**Work request:** Pictures stay out of the answer, but every line of the material must be restated exactly.

** The data follows **

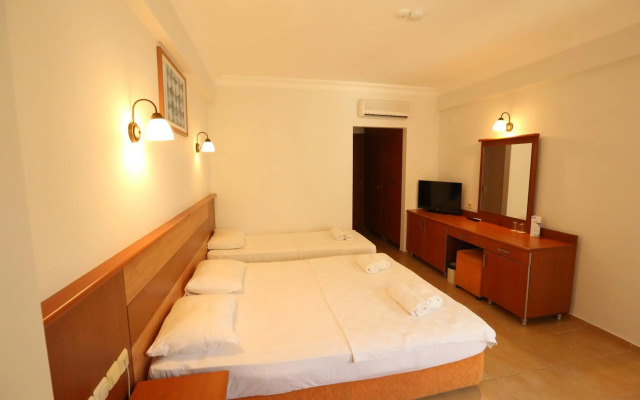 Mavruka Hotel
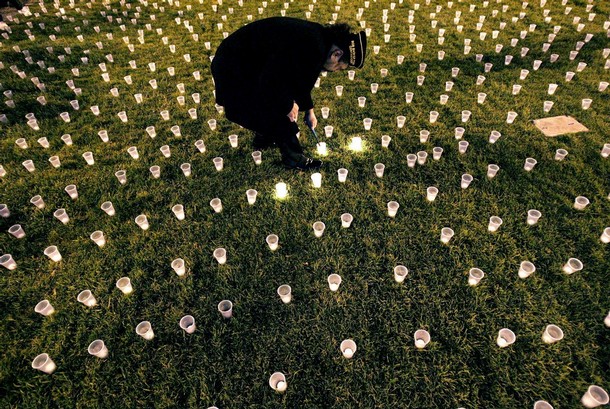 candlelit vigil to mark the 4,000 Americans killed in the Iraq war in San Francisco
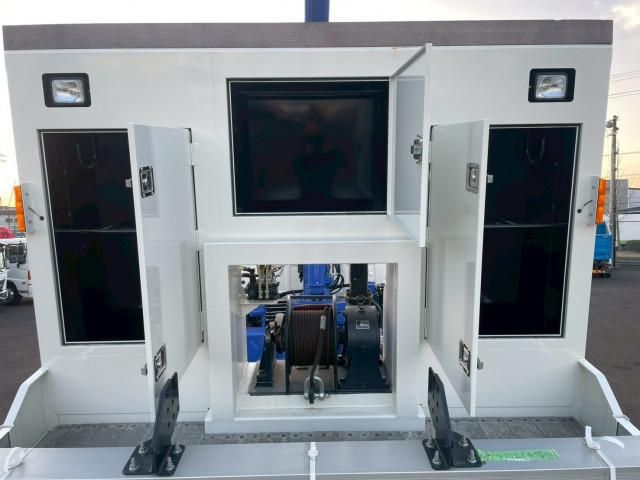 HINO PROFIA 2025 Image 31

** End of The data **

**Problem solution:**
 Mavruka Hotel
 candlelit vigil to mark the 4,000 Americans killed in the Iraq war in San Francisco
 HINO PROFIA 2025 Image 31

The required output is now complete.